Identifies a sparse set of FFN neurons whose CETT activations predict hallucination
Validates them causally via activation scaling
Provides production-ready hallucination risk scoring (detect() / detect_batch())
Calibrates decision thresholds automatically using Youden's J statistic

Install

pip install hprobes
# or
uv add hprobes

Basic Usage

from transformers import AutoModelForCausalLM, AutoTokenizer
from hprobes import HProbes

model = AutoModelForCausalLM.from_pretrained("google/gemma-3-4b-it", torch_dtype="auto", device_map="auto")
tokenizer = AutoTokenizer.from_pretrained("google/gemma-3-4b-it")

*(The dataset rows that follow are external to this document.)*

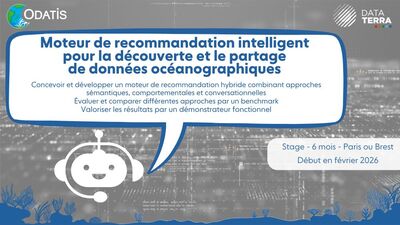 Stage ODATIS Moteur de recommandation intelligent pour la découverte et le partage de données
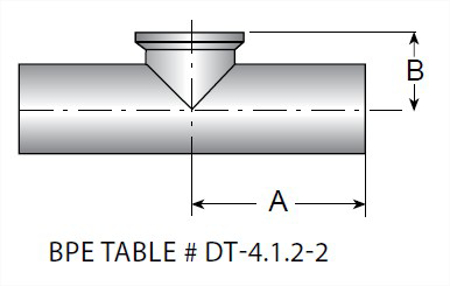 Picture for category TE7WWCS - BPE AWF X Clamp Short Outlet Tee 6MO UNS N08367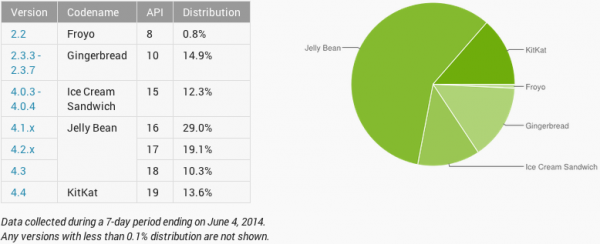 Android Distribution June 2014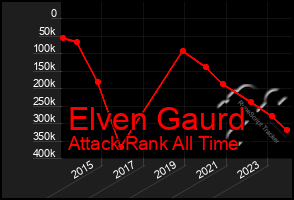 Total Graph of Elven Gaurd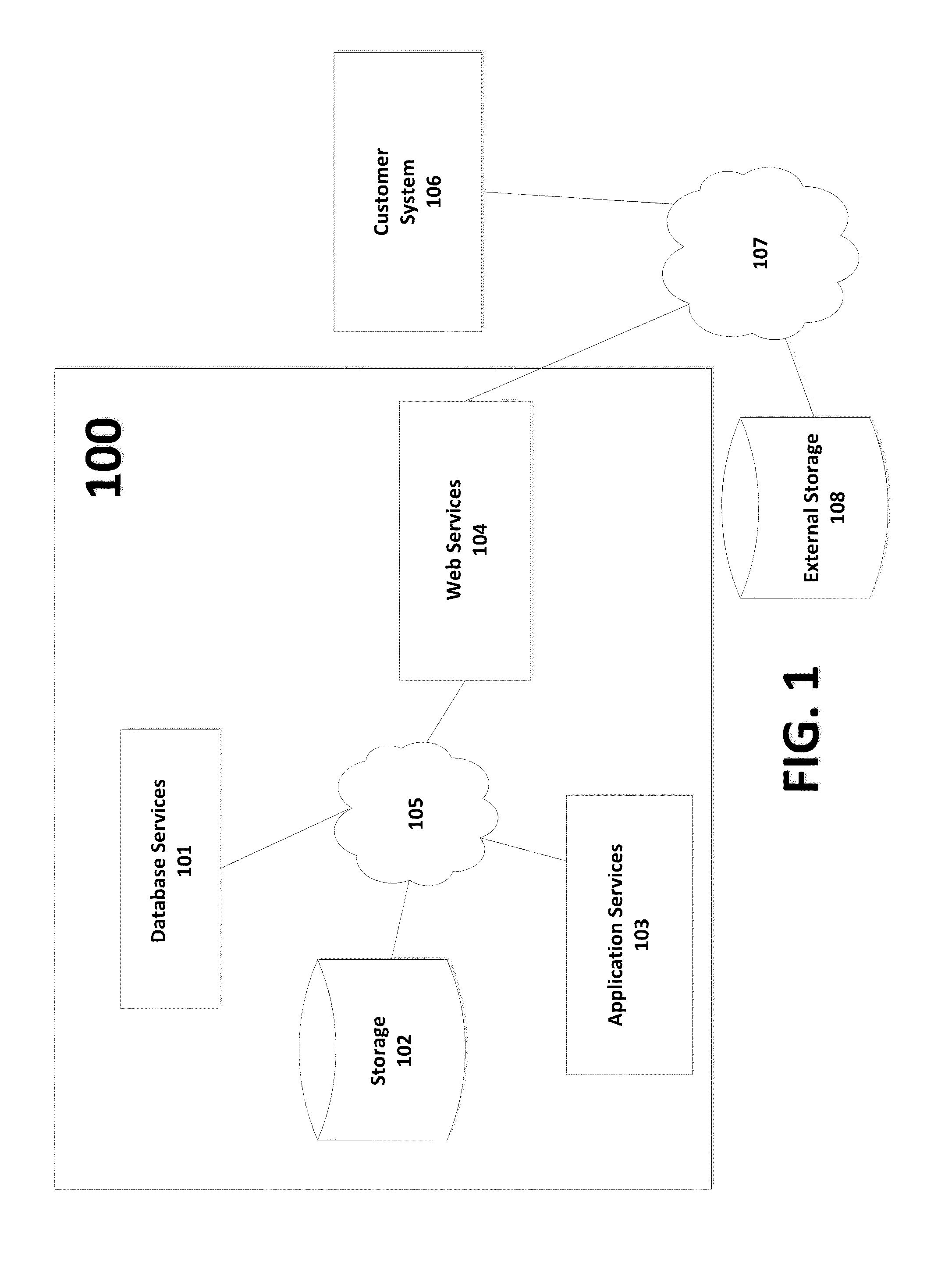 Score fusion based on the gravitational force between two objects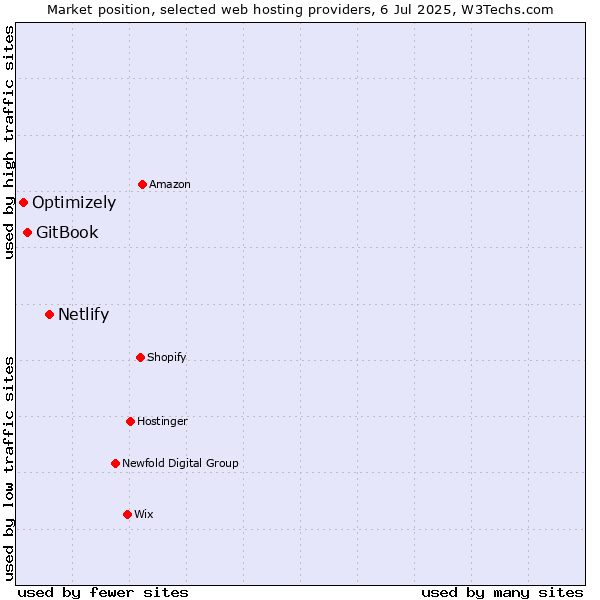 Market position of Netlify vs. GitBook vs. Optimizely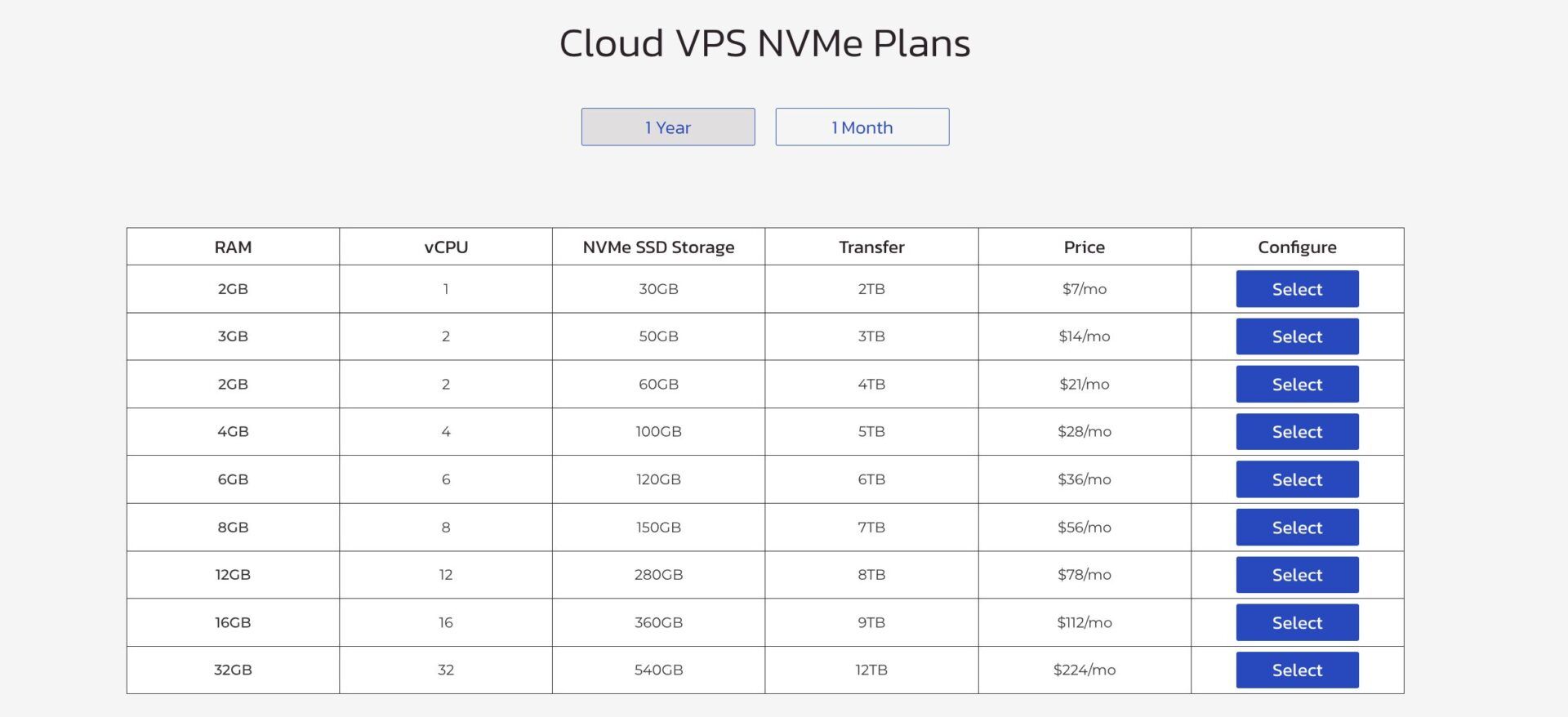 InMotion Hosting Cloud VPS Prices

probe = HProbes(model, tokenizer)
probe.fit(samples, options_key="choices", answer_key="answer")

results = probe.score()
print(f"AUROC {results['auroc']:.3f}  threshold {results['threshold']:.3f}")

# Production scoring — no ground truth needed
risk = probe.detect("Which organ is most affected? A) Heart B) Lung C) Liver D) Kidney\n\nAnswer:")

Pipeline Overview

Step	Method	What It Does
Discover	`fit()`	Extract CETT features, train L1 logistic regression, select H-Neurons
Evaluate	`score()`	AUROC on held-out validation split + random neuron baseline
Validate	`causal_validate()`	Scale H-Neuron activations to confirm causal role
Detect	`detect()` / `detect_batch()`	Production hallucination risk scoring (no labels needed)
Transfer	`score_on()`	Score a saved probe on a different model or dataset

CLI

hprobes run --model google/gemma-3-4b-it --data dataset.jsonl --samples 500
hprobes transfer --probe results/probe --model google/gemma-3-4b --data dataset.jsonl
hprobes responses --model google/gemma-3-4b-it --data responses.jsonl

Key Parameters

Parameter	Default	Description
`l1_C`	`0.01`	Inverse L1 strength — lower = fewer neurons
`contrastive`	`True`	3-vs-1 labeling at the generated answer token
`layer_stride`	`1`	Sample every Nth layer (2 = faster)
`batch_size`	`1`	GPU batch size for CETT extraction
`n_consistency`	`1`	Consistency filter draws (1 = disabled)

License

MIT